● REQUIRED WORK:
Make an exact copy of the listing, without images.

● INFORMATION SUPPLIED:
-- Opening Marker --

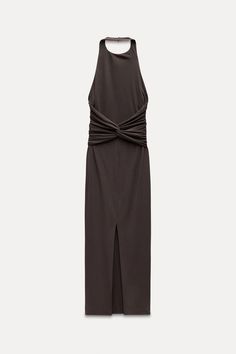 OPEN BACK HALTER DRESS - Dark brown | ZARA United States Chic Stretch Maxi Length Halter Dress, Halter Neck Dress With Side Slits For Date Night, Chic Backless Halter Dress With Side Slits, Chic Stretch Halter Maxi Dress, Date Night Halter Dress With Side Slits, Sleeveless Halter Dress With Side Slits For Night Out, Chic Halter Neck Midi Dress With Back Zipper, Fitted Sleeveless Halter Dress With Side Slits, Fitted Halter Neck Midi Dress With Back Zipper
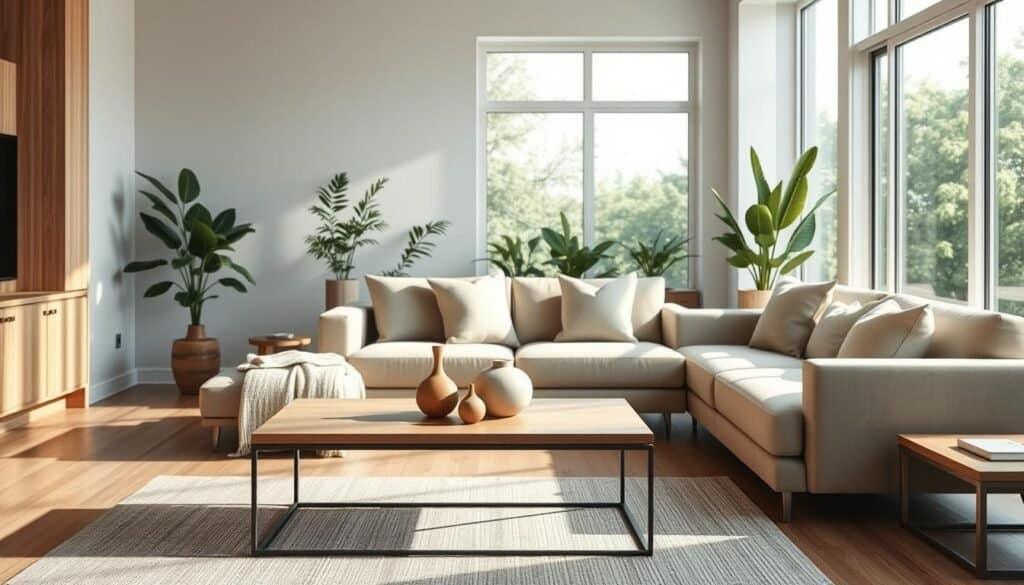 A serene living room that exemplifies intentional space planning, featuring a minimalistic design with natural wood accents and soft textiles. In the foreground, a sleek coffee table holds a few carefully selected decor items, creating a focal point. The middle ground showcases an inviting sofa arranged to maximize comfort and conversation, adorned with neutral-colored cushions. Large windows in the background let in bright, natural light, casting soft shadows across the room. Peaceful greenery is visible outside, enhancing the tranquil atmosphere. The overall mood is calm and harmonious, with an airy feel and a balanced layout that invites relaxation. The lighting is warm and soft, accentuating the room's inviting ambiance.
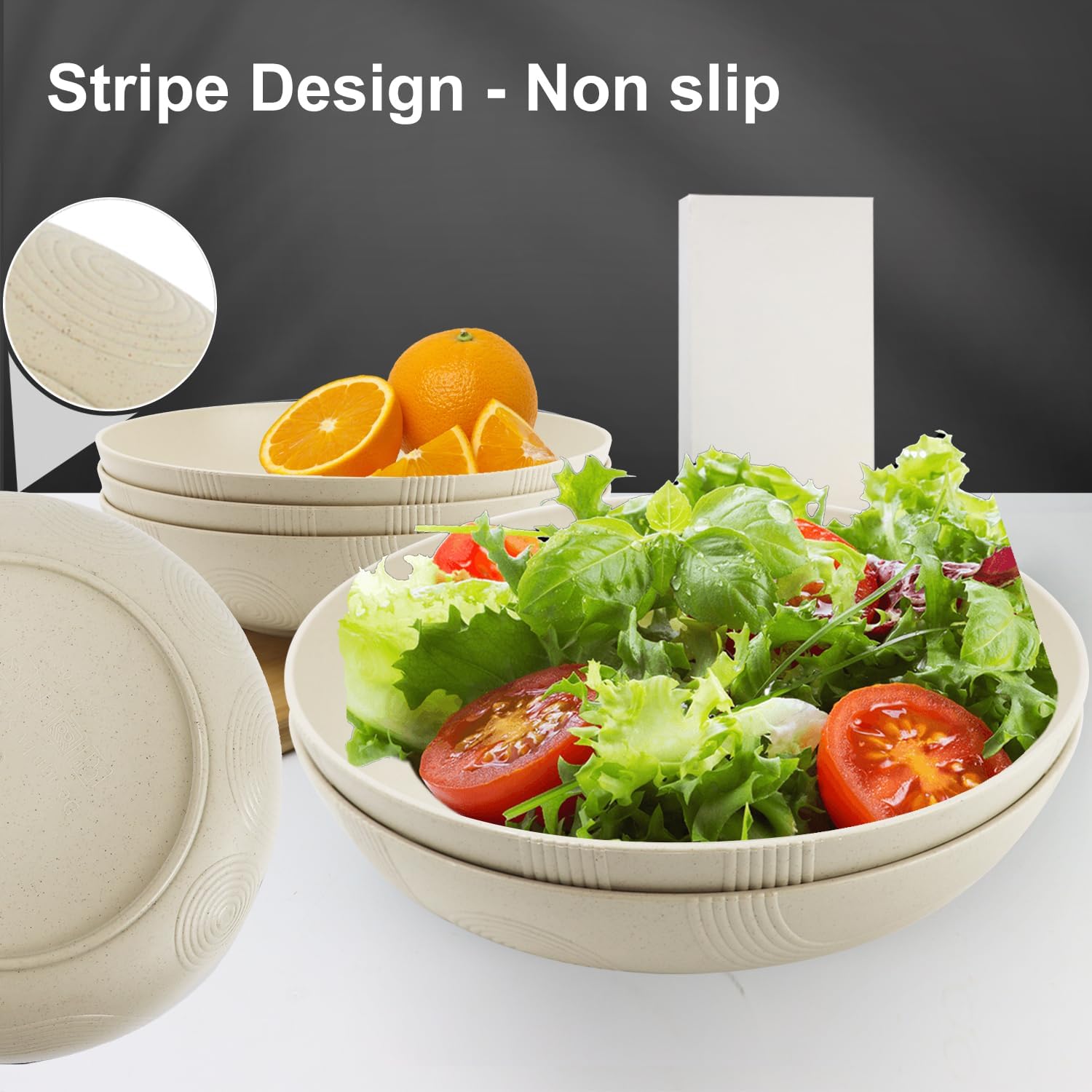 Gourmet-Premium 10-inch Large Plastic Bowl Set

-- Closing Marker --

● WRITTEN SOLUTION:
 OPEN BACK HALTER DRESS - Dark brown | ZARA United States Chic Stretch Maxi Length Halter Dress, Halter Neck Dress With Side Slits For Date Night, Chic Backless Halter Dress With Side Slits, Chic Stretch Halter Maxi Dress, Date Night Halter Dress With Side Slits, Sleeveless Halter Dress With Side Slits For Night Out, Chic Halter Neck Midi Dress With Back Zipper, Fitted Sleeveless Halter Dress With Side Slits, Fitted Halter Neck Midi Dress With Back Zipper
 A serene living room that exemplifies intentional space planning, featuring a minimalistic design with natural wood accents and soft textiles. In the foreground, a sleek coffee table holds a few carefully selected decor items, creating a focal point. The middle ground showcases an inviting sofa arranged to maximize comfort and conversation, adorned with neutral-colored cushions. Large windows in the background let in bright, natural light, casting soft shadows across the room. Peaceful greenery is visible outside, enhancing the tranquil atmosphere. The overall mood is calm and harmonious, with an airy feel and a balanced layout that invites relaxation. The lighting is warm and soft, accentuating the room's inviting ambiance.
 Gourmet-Premium 10-inch Large Plastic Bowl Set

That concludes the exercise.